_Work task_
From the first line to the last, give the material again exactly, without the images.

_Collected data_
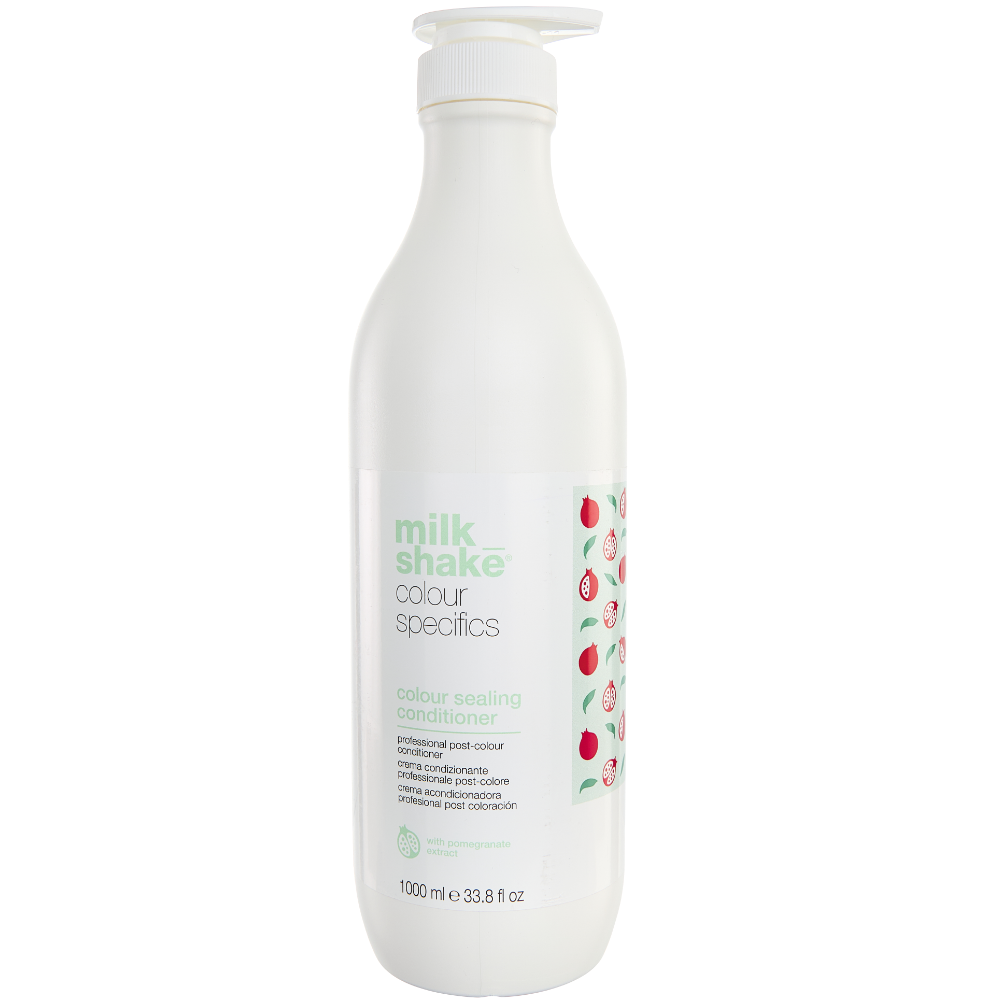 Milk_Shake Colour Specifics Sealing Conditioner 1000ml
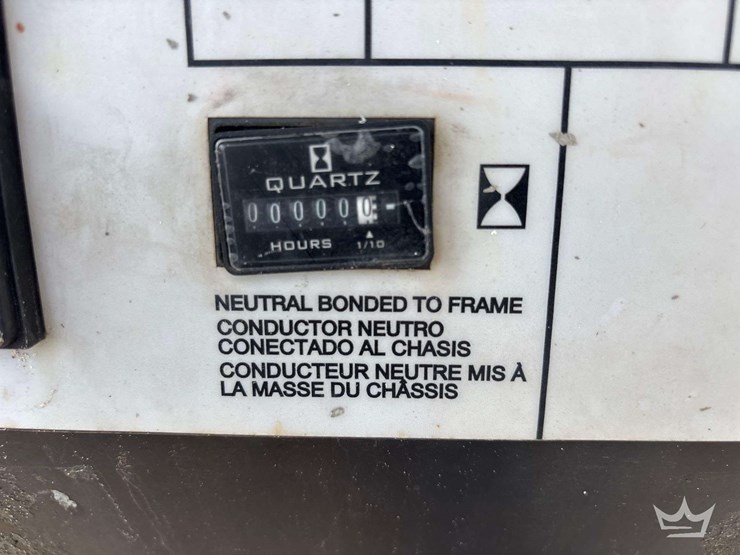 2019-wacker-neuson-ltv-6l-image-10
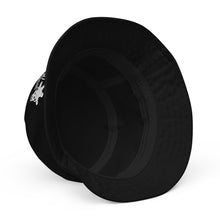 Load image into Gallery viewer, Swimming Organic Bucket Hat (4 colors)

_The answer_
 Milk_Shake Colour Specifics Sealing Conditioner 1000ml
 2019-wacker-neuson-ltv-6l-image-10
 Load image into Gallery viewer, Swimming Organic Bucket Hat (4 colors)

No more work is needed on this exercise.